Cheney school bus driver Rene Penna’s route takes her through the Turnbull National Wildlife Refuge.
She encourages the kids to note animal sightings and to count how many they see.
Well, last week one kindergartener piped up and reported that he had observed “a gallon of elk.”
Rigged: So these two women who didn’t know one another were admiring an exercise machine at Costco.
They seemed to agree that this particular elliptical trainer was superior to a less expensive model also on display.
“But how would you get it home?” wondered Woman No. 1.
To the other shopper, the answer was obvious. “In your truck,” said Woman No. 2.
Apparently it had not occurred to Woman No. 2 that not everyone has a truck.
This was not the first time someone around here seemed to believe that pickup ownership is universal.
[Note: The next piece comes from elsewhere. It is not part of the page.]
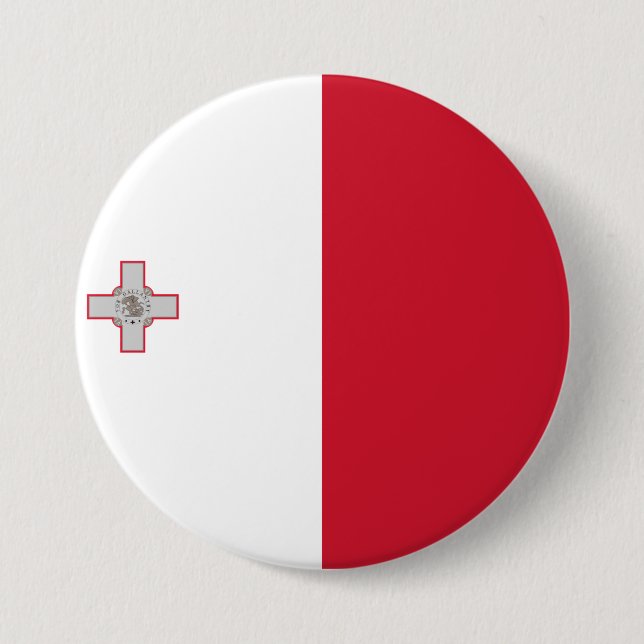 Bóton Redondo 7.62cm Bandeira de Malta (Frente)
It happens with some regularity.
I’m not sure what truck assumption says about Spokane. Perhaps it means driving a regular car qualifies as nonconformity here. Or maybe it’s a compliment.
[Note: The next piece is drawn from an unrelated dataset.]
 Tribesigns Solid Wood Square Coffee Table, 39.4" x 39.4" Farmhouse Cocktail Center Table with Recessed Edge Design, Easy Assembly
Party planning note: Halloween is on a Saturday.
A crate of Slice answers: North Idaho’s Vicky Kienholz has an apple tree that drops fruit on a metal roof over a deck. “Sounds like a bomb going off,” she said.
North Sider Leonard Riley has been counting the apples his prodigious tree drops in his yard for about 40 years. He figures he has gathered up more than 100,000 apples. He saves a few for the birds in winter.
And Curt Olsen would name a new extra-sweet variety the Cotton Candy apple.
Today’s Slice question: How much of your mortgage paperwork did you actually read?